Sunday, December 6, 2009

Report

Wintering

Carol Schiess


We’ve seen

the last hurried plunge of leaves,

the oak, ash, honey locust,

whose reds and yellows

have heightened the sky's bold blue

and held sunlight in the trees.


Color dies

with the passing of the leaves

and nature pushes time

into colder, briefer days.

Trees look older now,

stripped, shamed,

something pitiful revealed

in the collective reaching skyward

of frail limbs.


In winter,

a fearful presence

inhabits the lowering clouds,

waits beneath a hardened earth.

We, in that season,

are left without comfort,

as if, like the trees,

we have forgotten

what we know.


I'm not sure this is done. I've been messing with the first stanza this morning. There's something about the way I had it before that seems right, but maybe I'll just leave it this way for a while and look again later. But here's something of what my writing group said.


N said the wind couldn't be impatient. This stunned me, coming as it did from one who is a very good poet and who ought to know that the wind can be what I say it is,--within some limits, I suppose--and not just as a poet but as a person who "feels" the wind is gentle or disturbing or impatient. But I have taken it out and put it back in at least a dozen times because I'm not sure if it belongs, since I have used that word plunge, which I will keep.


S said she liked the word embers instead of ambers. (See an earlier version.) Okay, I thought, but not in this poem.


D said to change the verb "have" in the first stanza to "had." That makes sense, and I did it. But then I undid it, because I like "have" better.

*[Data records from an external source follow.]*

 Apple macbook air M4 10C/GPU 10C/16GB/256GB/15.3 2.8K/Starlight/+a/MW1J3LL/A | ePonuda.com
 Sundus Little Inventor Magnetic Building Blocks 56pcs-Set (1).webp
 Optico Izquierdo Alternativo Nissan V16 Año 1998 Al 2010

Both S and D did not like the colors. I didn't feel good about them either. Too many modifiers, and I was especially worried about the fuchsia pinks. When D said the fuchsia pinks reminded her of a prom dress, then I knew why I was worried. They both said to leave the colors out entirely. I don't want prom dresses in the poem, but I did and do want some color there. I've added a few trees that were late in losing their leaves and whose leaves are red or yellow. We'll see about that.

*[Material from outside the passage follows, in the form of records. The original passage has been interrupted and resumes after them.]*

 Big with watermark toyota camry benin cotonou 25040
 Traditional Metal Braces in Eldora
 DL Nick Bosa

D said to put the middle part together this way:


Color dies

with the passing of the leaves

and nature pushes time

into colder, briefer days.

In winter,

a fearful presence

inhabits the lowering clouds,

waits beneath a hardened earth.

Trees look older now,

stripped, shamed,

something pitiful revealed

in the collective reaching skyward

of frail limbs.

We, in that season,

are left without comfort,

as if, like the trees,

we have forgotten

what we know.


That makes sense, but not quite the sense I was thinking of when I wrote the poem. Besides, I think the words "colder" and "older" belong close together.


I took the last line off, about spring coming, because 1. perhaps the idea of spring is implicit, and that is enough, and 2. to leave some ambiguity there.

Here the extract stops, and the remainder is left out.